Armはなぜブランド名を変更するのか、「SME2」投入もAI対応に紆余曲折ありArm最新動向報告(17)(2/3 ページ)

» 2025年10月06日 08時00分 公開
[大原雄介MONOist]

CSSの提供方法にも変化

 CSSの提供方法にも変化があった。

 もともとArmは、ソフトウェアIPをRTL(レジスタ転送レベル)の形でのみ提供する方式でCPUコアのライセンス供与を行っていた。大昔には一瞬だけ、ハードウェアIPを提供した時期があったが、ごく一部のコアでファウンドリ/プロセスも特定のもののみだった。長らくこの状態が続いたわけだが、2010年にArmはPOP(Processor Optimization Package)を発表する(Webアーカイブを参照)。
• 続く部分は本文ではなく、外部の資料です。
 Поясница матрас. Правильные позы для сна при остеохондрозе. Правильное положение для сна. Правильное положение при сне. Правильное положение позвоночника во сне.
 最初に対応したのはCortex-A9で、TSMCの40nmプロセスに対応したCortex-A9 MPのPOPが提供された。余談だが、この時はまだArmもPOPの効果に自信がなかったのか、TSMC 40GとTSMC 40LP向けのPOP以外に、TSMC 40G向けのハードマクロも提供している。ちなみに同日、Samsungの32nm LP向けのPOPも発表された(Webアーカイブを参照)。Samsungの方はPOPのみだが、TSMCの方はPOPとハードマクロの両方というちょっと珍しい構成で、どちらを使っても同等の最適化が可能、という説明だった。もっともハードウェアマクロをこの後提供することはなく、POPのみの提供となっている。

 このPOPは特定のファウンドリ/プロセスに向けてPPA(Power、Performance、Area)の最適化を行った形で提供されるため、物理実装というか最適化に要する時間を大幅に減らせるというのがArmの主張であり、実際に広範に利用された。また、POPの適用範囲も次第に増え、単にCPU IPから周辺IPなどを含むようになっていった。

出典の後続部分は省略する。